* _REQUIRED ACTION_
Look below for the line holding "Now go to Ubidots" and the line holding "We will explore". Transcribe exactly those lines and all lines between them, nothing more.

* _RECORDS FOR THE TASK_
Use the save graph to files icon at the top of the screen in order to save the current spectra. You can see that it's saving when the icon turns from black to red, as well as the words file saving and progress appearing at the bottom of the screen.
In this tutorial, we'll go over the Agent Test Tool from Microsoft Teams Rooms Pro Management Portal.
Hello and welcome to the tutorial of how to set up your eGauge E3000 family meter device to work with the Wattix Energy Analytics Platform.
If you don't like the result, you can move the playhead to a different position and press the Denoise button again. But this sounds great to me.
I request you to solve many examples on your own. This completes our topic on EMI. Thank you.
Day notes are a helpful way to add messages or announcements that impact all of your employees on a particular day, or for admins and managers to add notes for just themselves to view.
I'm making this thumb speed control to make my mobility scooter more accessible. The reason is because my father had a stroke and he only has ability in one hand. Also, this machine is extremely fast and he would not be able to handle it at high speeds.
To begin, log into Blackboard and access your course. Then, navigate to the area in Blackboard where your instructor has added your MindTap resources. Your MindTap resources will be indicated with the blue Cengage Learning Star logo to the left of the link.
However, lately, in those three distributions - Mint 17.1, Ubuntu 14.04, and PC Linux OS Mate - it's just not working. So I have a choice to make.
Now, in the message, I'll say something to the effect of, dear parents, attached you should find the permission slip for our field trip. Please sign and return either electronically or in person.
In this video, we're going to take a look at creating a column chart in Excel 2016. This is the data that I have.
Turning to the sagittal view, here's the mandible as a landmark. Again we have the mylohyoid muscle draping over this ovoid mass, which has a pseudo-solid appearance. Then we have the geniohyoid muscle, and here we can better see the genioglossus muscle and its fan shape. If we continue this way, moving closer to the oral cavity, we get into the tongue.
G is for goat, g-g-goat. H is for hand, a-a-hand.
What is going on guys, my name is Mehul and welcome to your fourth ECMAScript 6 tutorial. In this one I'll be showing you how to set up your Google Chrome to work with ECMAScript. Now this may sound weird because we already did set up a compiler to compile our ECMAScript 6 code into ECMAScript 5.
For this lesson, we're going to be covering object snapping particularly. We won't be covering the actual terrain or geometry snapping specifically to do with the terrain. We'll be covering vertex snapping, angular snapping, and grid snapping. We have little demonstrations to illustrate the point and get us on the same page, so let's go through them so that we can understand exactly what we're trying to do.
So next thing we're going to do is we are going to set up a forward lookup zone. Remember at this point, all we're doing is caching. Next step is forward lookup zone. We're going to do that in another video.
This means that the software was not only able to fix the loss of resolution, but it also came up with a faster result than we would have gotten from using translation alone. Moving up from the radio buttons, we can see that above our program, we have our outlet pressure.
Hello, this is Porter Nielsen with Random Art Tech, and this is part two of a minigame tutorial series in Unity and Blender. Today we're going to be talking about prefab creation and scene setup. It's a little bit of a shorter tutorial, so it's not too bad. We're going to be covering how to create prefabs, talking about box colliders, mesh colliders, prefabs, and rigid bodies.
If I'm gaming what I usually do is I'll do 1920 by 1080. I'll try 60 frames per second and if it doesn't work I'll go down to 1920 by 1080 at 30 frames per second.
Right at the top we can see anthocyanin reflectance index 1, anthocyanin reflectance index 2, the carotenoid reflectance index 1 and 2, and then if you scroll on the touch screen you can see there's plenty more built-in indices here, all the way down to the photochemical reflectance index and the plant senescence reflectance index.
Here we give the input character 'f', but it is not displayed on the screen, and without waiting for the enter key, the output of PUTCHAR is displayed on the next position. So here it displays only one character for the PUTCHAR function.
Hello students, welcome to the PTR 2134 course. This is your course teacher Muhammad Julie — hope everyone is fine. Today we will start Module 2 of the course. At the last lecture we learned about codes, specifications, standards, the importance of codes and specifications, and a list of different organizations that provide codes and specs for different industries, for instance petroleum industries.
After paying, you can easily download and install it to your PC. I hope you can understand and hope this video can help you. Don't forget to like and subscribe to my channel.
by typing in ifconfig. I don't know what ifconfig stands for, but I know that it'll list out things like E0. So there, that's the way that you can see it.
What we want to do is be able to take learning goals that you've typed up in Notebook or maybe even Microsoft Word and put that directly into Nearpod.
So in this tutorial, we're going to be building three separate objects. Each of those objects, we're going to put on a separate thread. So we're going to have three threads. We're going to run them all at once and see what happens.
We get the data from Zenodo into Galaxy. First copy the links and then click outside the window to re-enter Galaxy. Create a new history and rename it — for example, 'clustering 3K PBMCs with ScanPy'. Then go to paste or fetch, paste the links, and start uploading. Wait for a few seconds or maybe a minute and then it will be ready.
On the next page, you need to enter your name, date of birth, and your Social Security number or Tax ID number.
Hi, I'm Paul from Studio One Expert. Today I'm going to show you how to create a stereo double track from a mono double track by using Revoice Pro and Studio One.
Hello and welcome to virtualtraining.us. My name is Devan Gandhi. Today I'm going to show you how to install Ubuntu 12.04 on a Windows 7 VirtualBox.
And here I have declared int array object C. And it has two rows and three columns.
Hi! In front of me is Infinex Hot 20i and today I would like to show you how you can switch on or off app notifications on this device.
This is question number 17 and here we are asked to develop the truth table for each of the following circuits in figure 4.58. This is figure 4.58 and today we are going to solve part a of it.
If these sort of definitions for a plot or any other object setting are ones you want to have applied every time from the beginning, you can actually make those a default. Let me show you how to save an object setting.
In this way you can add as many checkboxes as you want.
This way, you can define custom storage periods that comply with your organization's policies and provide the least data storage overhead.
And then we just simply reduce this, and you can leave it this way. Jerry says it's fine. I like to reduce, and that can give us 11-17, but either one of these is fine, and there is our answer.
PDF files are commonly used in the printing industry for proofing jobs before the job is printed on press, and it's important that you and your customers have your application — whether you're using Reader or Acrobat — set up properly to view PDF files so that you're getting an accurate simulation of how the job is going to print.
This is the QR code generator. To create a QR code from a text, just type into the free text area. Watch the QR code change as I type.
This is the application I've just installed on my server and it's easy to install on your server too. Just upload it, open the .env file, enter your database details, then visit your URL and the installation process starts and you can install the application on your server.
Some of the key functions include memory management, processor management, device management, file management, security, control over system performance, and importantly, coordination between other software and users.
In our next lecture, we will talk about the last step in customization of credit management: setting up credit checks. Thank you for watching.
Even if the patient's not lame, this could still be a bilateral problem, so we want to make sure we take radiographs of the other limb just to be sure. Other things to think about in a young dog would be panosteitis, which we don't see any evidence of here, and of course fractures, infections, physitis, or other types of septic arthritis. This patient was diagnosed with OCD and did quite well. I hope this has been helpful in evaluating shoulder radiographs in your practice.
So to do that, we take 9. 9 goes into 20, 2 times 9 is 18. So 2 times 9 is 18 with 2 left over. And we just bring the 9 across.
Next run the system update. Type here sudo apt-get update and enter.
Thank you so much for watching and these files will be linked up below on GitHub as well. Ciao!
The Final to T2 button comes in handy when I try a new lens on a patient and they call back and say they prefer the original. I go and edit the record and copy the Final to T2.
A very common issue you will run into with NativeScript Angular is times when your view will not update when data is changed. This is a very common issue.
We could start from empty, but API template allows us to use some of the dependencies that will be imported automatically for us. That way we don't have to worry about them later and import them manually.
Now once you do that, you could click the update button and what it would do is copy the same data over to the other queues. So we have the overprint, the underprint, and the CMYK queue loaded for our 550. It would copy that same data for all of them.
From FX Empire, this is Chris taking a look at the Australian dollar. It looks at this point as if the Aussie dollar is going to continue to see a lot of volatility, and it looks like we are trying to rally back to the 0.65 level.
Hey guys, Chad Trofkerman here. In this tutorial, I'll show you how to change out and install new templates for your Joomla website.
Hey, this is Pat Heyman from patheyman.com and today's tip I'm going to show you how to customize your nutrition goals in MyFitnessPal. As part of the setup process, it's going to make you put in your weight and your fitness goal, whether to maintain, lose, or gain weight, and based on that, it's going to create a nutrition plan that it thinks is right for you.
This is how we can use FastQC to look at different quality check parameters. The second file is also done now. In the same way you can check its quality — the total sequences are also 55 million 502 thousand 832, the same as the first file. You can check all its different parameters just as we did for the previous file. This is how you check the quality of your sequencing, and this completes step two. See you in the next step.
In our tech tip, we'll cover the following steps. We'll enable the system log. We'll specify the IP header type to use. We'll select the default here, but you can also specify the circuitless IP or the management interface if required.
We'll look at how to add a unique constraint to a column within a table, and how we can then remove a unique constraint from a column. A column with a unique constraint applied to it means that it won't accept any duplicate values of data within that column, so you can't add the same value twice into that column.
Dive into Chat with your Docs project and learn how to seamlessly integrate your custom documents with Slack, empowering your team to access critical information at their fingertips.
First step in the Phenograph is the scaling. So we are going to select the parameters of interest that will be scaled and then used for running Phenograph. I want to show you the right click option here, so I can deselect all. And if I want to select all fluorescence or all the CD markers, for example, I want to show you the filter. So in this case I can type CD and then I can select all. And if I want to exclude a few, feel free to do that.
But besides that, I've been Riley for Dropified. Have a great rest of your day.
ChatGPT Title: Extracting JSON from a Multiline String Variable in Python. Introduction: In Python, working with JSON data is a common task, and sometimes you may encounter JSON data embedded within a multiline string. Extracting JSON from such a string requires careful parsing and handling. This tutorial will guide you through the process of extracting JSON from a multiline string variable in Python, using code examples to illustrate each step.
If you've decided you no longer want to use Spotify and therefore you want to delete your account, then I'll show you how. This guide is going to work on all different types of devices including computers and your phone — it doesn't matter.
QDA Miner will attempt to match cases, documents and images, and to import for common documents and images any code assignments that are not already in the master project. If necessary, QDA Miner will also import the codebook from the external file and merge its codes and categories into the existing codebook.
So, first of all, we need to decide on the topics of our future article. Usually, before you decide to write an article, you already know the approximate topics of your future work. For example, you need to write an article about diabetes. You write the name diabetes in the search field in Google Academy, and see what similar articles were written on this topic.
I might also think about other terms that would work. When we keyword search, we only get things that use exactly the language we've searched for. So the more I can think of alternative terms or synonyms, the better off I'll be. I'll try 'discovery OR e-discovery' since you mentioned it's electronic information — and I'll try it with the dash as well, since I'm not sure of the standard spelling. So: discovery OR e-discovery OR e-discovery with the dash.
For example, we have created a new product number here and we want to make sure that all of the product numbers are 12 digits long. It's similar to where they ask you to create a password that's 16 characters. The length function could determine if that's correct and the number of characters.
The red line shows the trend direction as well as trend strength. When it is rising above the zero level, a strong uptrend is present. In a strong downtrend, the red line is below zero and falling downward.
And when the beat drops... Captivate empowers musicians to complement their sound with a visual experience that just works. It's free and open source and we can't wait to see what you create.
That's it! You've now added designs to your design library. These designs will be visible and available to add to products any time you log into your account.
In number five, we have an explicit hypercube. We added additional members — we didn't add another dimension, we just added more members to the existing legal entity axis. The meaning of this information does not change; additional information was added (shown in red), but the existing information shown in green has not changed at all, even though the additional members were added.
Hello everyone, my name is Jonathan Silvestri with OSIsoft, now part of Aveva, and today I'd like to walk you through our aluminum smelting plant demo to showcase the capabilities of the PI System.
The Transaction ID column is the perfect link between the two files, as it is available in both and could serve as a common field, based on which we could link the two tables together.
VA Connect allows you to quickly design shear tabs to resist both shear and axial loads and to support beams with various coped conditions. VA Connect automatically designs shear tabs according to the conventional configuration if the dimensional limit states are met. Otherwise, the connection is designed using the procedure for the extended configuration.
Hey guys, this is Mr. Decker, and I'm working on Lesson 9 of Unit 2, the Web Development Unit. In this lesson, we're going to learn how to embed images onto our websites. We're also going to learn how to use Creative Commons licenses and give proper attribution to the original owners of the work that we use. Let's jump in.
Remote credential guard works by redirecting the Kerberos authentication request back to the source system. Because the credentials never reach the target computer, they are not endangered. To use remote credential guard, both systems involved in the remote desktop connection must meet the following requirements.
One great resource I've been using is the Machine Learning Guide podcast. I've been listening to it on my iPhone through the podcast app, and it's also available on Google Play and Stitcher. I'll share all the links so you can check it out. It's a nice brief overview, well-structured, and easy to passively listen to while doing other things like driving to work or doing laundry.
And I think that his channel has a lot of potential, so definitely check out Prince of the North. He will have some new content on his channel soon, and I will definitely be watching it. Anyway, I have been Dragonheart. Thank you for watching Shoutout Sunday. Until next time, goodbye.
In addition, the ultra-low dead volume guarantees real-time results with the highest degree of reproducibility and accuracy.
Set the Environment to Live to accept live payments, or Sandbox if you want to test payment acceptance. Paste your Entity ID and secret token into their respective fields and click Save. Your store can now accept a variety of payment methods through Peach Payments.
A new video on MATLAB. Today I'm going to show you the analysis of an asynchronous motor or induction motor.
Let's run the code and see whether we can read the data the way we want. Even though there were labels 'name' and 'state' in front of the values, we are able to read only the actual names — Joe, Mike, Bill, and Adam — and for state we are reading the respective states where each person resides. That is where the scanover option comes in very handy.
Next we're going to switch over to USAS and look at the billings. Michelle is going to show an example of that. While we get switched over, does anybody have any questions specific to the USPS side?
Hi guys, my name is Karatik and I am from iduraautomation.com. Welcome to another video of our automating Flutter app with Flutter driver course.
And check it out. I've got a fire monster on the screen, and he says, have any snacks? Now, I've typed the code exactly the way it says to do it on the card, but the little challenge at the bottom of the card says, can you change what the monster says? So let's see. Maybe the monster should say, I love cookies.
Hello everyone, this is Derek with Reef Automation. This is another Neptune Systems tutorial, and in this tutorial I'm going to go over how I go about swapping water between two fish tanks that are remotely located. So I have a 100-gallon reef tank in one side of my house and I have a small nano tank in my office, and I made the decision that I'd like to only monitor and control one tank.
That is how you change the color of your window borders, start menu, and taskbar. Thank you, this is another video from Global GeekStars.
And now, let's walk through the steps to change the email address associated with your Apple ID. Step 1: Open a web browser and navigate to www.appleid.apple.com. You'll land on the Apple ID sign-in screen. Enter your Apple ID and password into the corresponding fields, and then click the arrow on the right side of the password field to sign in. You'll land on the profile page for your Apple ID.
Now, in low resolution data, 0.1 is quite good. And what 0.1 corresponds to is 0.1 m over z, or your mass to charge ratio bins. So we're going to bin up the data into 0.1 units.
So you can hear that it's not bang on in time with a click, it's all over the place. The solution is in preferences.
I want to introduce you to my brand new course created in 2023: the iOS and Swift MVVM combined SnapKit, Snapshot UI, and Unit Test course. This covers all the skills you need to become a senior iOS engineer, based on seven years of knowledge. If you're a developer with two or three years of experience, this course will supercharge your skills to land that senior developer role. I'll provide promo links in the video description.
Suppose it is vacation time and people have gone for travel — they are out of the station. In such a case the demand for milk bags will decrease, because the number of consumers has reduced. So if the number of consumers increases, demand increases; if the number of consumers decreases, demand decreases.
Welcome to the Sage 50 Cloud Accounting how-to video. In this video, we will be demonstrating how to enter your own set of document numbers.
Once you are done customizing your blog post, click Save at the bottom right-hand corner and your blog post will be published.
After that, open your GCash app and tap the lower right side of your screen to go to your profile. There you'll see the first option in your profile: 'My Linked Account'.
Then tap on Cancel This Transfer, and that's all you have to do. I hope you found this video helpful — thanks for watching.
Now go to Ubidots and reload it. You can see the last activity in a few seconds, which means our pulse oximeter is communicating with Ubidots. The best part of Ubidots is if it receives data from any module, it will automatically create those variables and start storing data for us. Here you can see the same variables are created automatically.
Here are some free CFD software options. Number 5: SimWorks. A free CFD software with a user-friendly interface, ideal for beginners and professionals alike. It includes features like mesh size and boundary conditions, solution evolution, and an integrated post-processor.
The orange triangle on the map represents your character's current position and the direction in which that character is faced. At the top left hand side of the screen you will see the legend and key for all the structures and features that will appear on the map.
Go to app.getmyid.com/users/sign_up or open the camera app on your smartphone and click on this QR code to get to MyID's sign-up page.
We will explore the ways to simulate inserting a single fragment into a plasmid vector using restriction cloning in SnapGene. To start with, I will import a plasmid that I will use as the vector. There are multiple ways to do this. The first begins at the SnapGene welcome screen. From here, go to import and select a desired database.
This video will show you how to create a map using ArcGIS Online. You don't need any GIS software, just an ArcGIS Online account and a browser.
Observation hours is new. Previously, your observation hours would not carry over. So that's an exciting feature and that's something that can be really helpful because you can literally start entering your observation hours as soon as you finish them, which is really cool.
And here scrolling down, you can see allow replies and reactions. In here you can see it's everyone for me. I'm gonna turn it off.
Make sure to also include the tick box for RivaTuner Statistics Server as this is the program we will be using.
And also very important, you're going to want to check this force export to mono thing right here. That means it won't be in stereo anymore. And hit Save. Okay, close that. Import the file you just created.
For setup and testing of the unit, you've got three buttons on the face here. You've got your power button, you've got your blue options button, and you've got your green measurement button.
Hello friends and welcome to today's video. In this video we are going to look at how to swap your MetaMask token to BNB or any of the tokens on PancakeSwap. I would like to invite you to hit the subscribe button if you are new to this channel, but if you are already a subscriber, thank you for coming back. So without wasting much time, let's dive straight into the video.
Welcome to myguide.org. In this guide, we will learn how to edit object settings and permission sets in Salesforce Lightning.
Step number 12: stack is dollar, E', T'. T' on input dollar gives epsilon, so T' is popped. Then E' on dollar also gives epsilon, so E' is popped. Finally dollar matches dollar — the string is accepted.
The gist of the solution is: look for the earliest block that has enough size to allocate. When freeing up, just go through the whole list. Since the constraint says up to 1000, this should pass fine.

* _EXERCISE OUTPUT_
Now go to Ubidots and reload it. You can see the last activity in a few seconds, which means our pulse oximeter is communicating with Ubidots. The best part of Ubidots is if it receives data from any module, it will automatically create those variables and start storing data for us. Here you can see the same variables are created automatically.
Here are some free CFD software options. Number 5: SimWorks. A free CFD software with a user-friendly interface, ideal for beginners and professionals alike. It includes features like mesh size and boundary conditions, solution evolution, and an integrated post-processor.
The orange triangle on the map represents your character's current position and the direction in which that character is faced. At the top left hand side of the screen you will see the legend and key for all the structures and features that will appear on the map.
Go to app.getmyid.com/users/sign_up or open the camera app on your smartphone and click on this QR code to get to MyID's sign-up page.
We will explore the ways to simulate inserting a single fragment into a plasmid vector using restriction cloning in SnapGene. To start with, I will import a plasmid that I will use as the vector. There are multiple ways to do this. The first begins at the SnapGene welcome screen. From here, go to import and select a desired database.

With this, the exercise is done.